+++ Task inputs +++

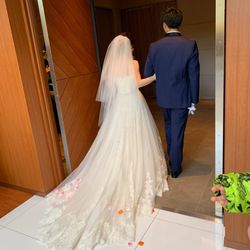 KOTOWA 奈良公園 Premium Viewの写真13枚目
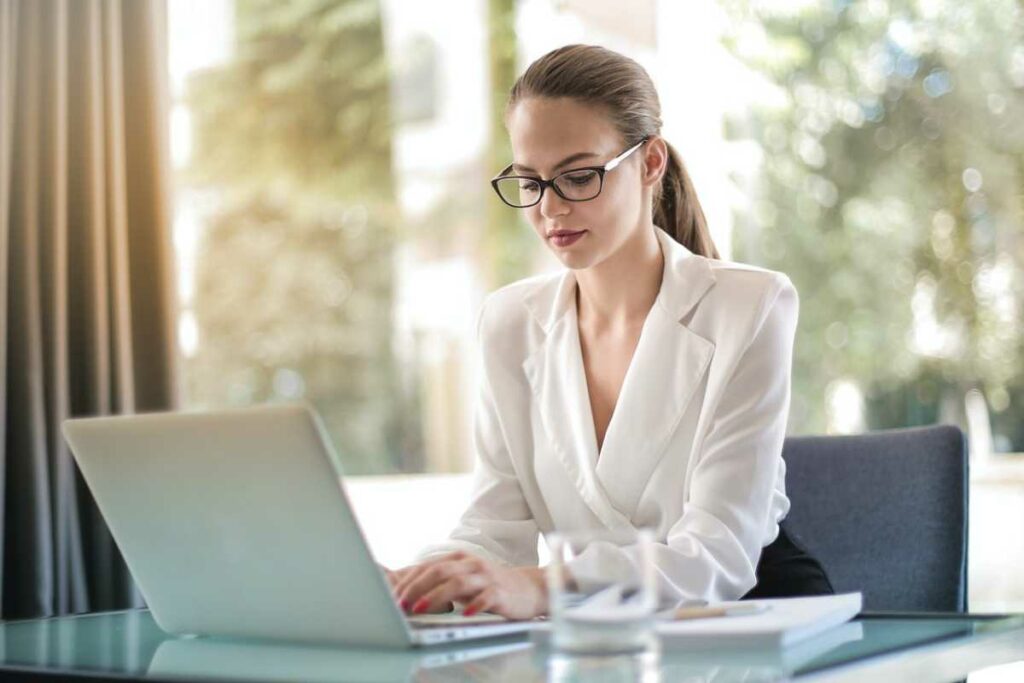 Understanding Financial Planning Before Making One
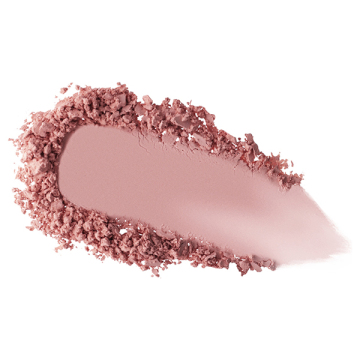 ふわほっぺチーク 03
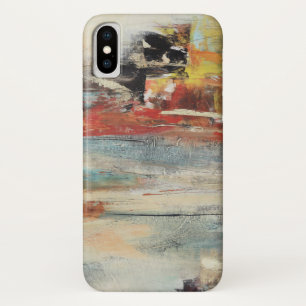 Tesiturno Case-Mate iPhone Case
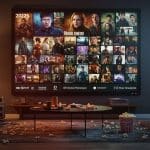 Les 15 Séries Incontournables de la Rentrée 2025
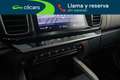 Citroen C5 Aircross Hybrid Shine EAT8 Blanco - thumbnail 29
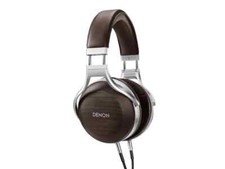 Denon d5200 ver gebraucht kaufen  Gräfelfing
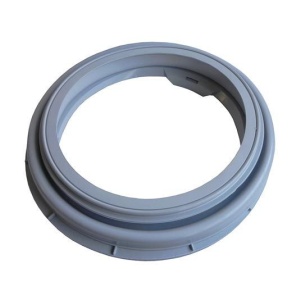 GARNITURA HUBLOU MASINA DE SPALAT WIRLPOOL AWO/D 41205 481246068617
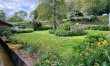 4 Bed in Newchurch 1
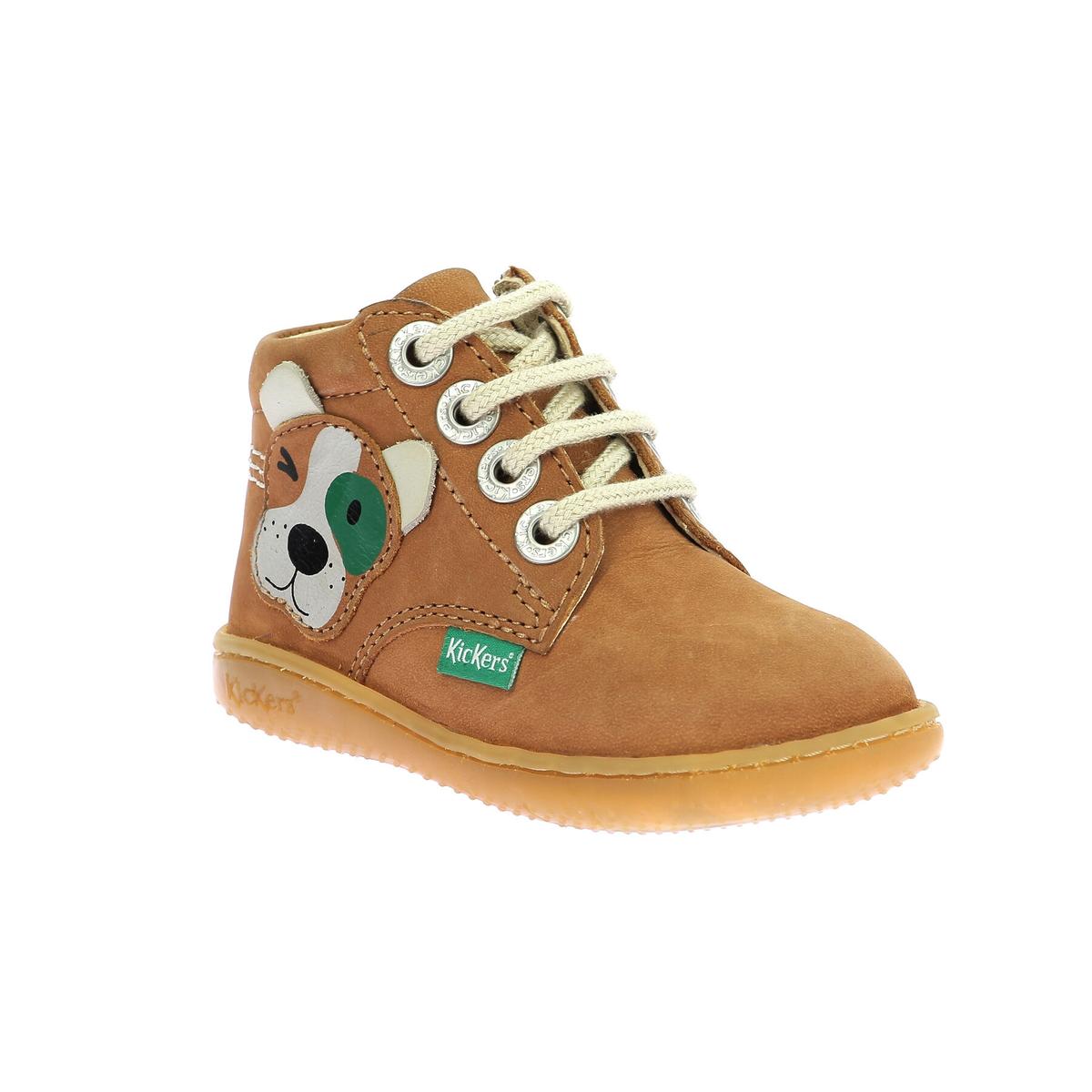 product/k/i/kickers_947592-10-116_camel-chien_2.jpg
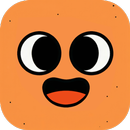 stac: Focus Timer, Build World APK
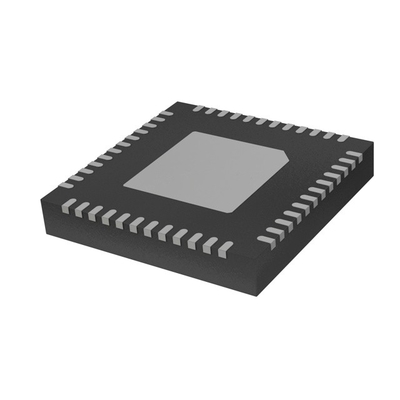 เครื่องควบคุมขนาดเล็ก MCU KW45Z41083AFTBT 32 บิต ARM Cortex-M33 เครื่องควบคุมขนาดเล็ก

+++
+++ Task inputs +++

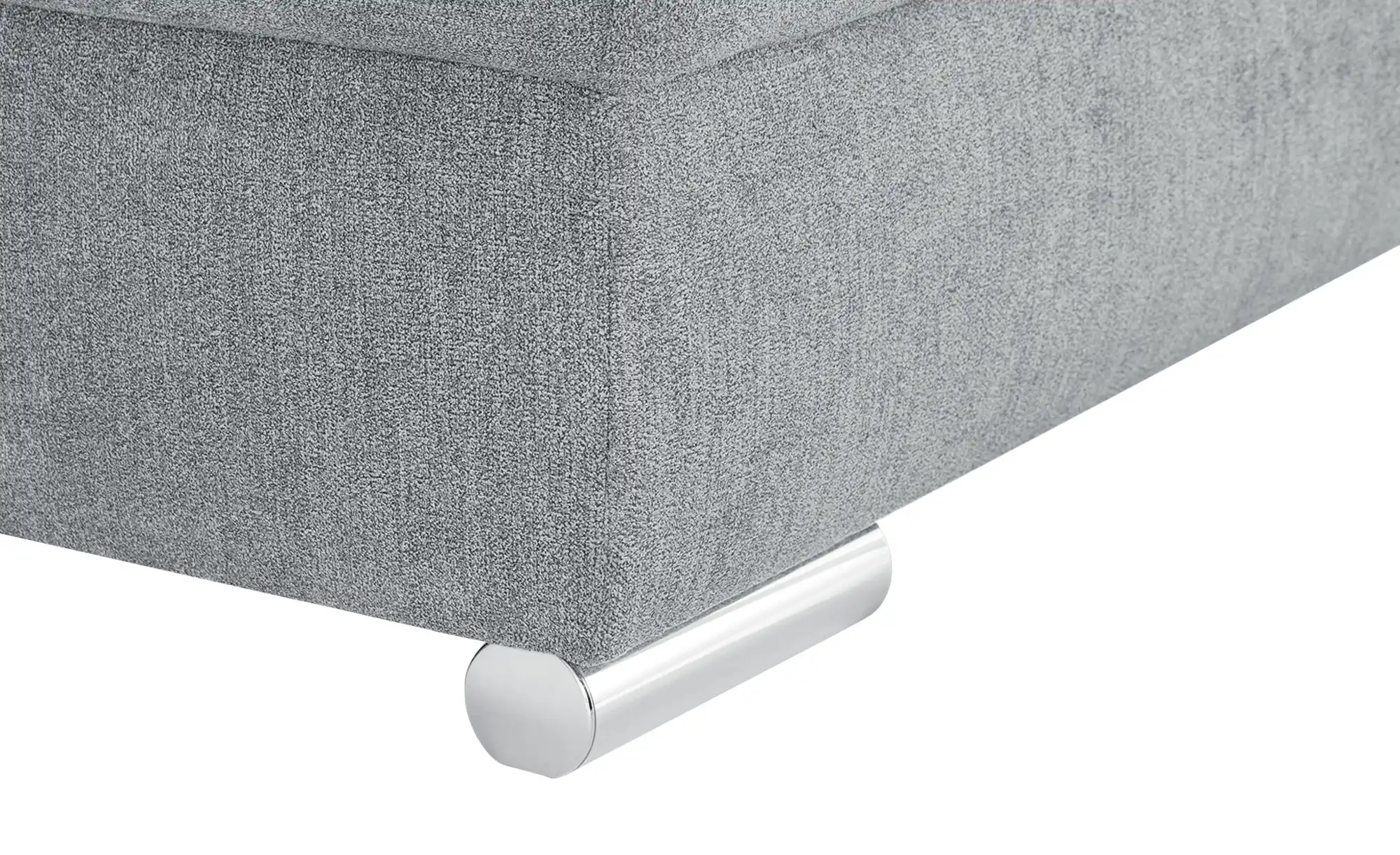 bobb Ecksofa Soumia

+++
+++ Task inputs +++

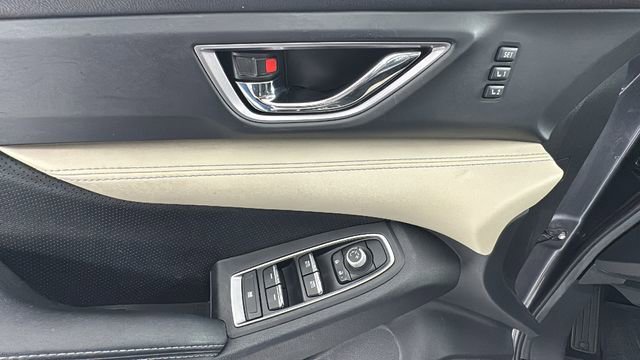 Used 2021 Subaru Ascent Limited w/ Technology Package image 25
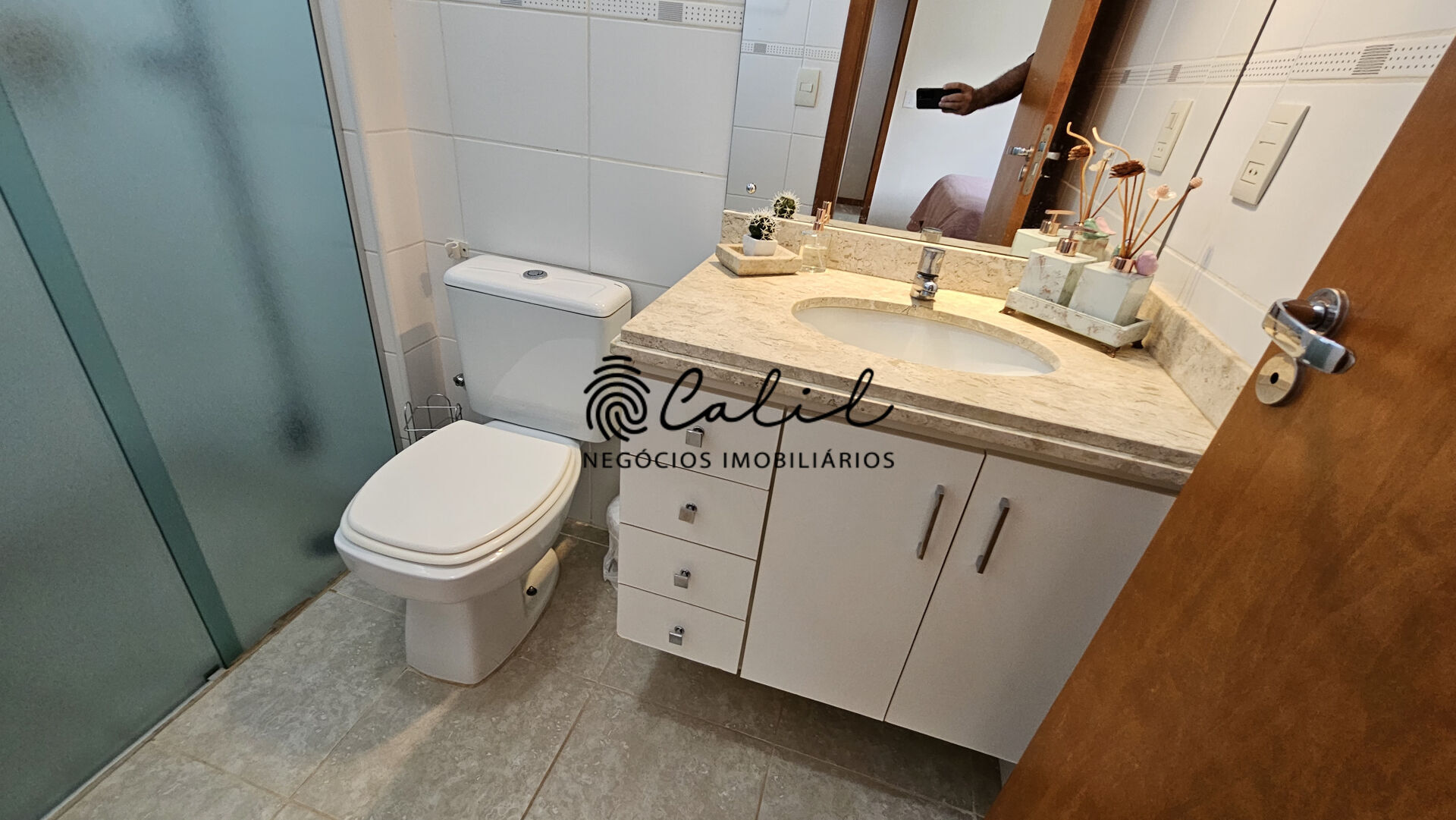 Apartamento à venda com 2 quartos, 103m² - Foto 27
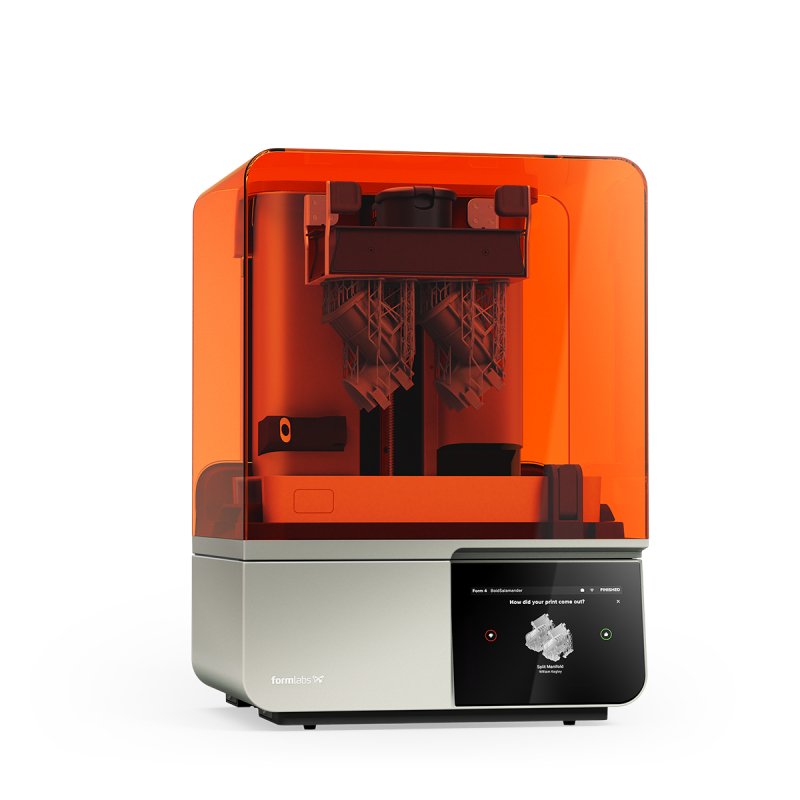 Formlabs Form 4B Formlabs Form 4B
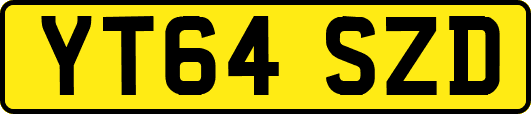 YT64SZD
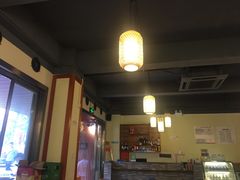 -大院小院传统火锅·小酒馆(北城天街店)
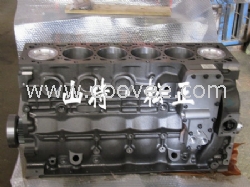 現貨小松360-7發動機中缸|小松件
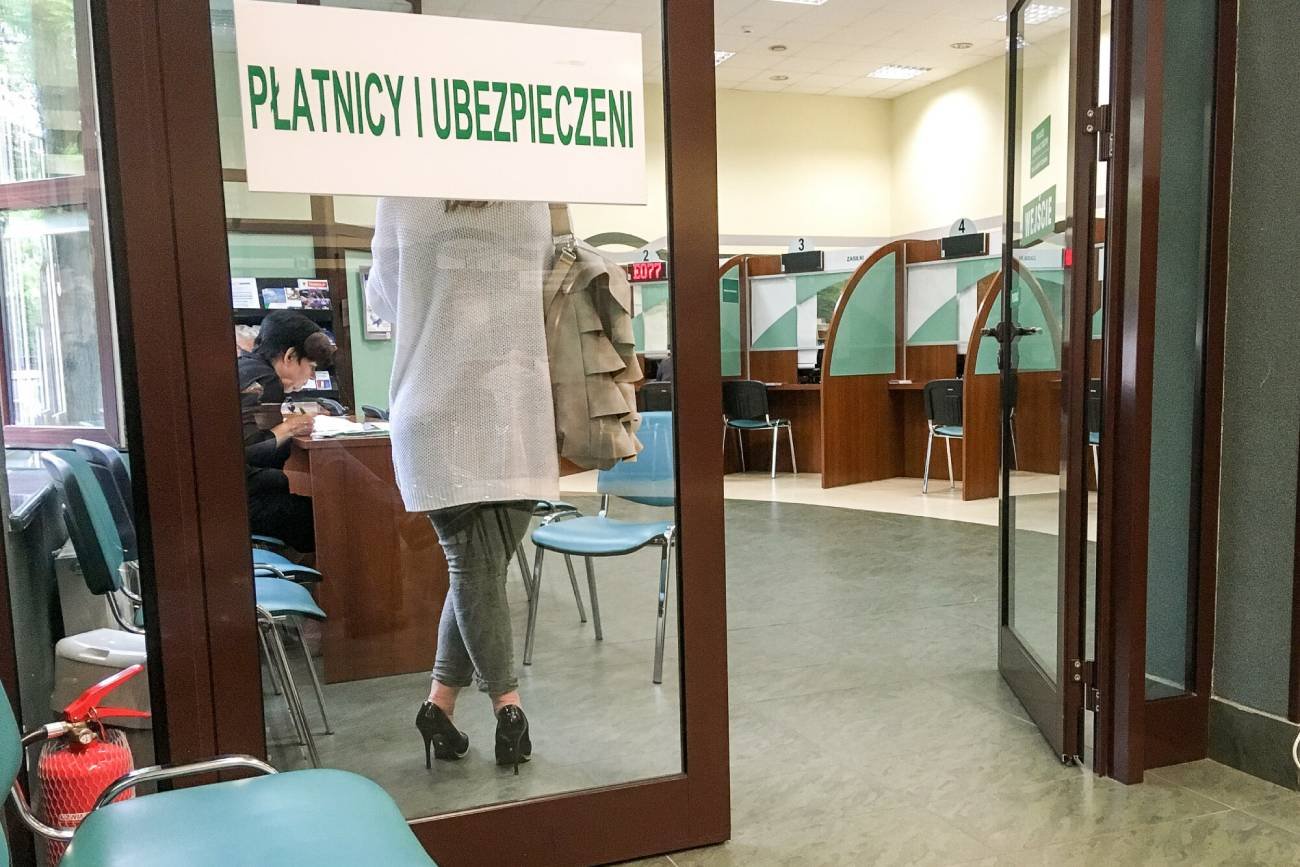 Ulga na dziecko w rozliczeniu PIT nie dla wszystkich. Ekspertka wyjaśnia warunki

+++

Aim of the task:
Within the listing above, write out the stretch from the line with "KOTOWA 奈良公園 Premium Viewの写真13枚目" through the line with "เครื่องควบคุมขนาดเล็ก MCU KW45Z41083AFTBT" exactly. Any pictures are to be left out.

Response:
 KOTOWA 奈良公園 Premium Viewの写真13枚目
 Understanding Financial Planning Before Making One
 ふわほっぺチーク 03
 Tesiturno Case-Mate iPhone Case
 Les 15 Séries Incontournables de la Rentrée 2025
 Citroen C5 Aircross Hybrid Shine EAT8 Blanco - thumbnail 29
 Denon d5200 ver gebraucht kaufen  Gräfelfing
 GARNITURA HUBLOU MASINA DE SPALAT WIRLPOOL AWO/D 41205 481246068617
 4 Bed in Newchurch 1
 product/k/i/kickers_947592-10-116_camel-chien_2.jpg
 stac: Focus Timer, Build World APK
 เครื่องควบคุมขนาดเล็ก MCU KW45Z41083AFTBT 32 บิต ARM Cortex-M33 เครื่องควบคุมขนาดเล็ก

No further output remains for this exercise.